> WHAT YOU ARE ASKED TO DO:
Exact copies of the line with "Le Grand Cru Villa" and of all lines after it through the end of the entries are required, and no other lines.

> DATA RECORDS:

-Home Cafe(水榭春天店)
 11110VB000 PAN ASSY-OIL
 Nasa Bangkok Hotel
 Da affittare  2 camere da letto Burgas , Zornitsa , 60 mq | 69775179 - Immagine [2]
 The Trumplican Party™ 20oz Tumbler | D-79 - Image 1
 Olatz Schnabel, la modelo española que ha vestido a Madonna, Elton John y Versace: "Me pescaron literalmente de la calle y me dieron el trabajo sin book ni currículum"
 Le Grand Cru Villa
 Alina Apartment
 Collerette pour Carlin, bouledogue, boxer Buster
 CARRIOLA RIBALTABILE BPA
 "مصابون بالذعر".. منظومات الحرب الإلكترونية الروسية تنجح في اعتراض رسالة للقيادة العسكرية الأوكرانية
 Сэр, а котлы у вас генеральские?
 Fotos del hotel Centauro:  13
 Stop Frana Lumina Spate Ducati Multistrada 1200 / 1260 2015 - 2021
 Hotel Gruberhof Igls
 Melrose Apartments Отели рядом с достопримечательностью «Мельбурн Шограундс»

> ANSWER AREA:
 Le Grand Cru Villa
 Alina Apartment
 Collerette pour Carlin, bouledogue, boxer Buster
 CARRIOLA RIBALTABILE BPA
 "مصابون بالذعر".. منظومات الحرب الإلكترونية الروسية تنجح في اعتراض رسالة للقيادة العسكرية الأوكرانية
 Сэр, а котлы у вас генеральские?
 Fotos del hotel Centauro:  13
 Stop Frana Lumina Spate Ducati Multistrada 1200 / 1260 2015 - 2021
 Hotel Gruberhof Igls
 Melrose Apartments Отели рядом с достопримечательностью «Мельбурн Шограундс»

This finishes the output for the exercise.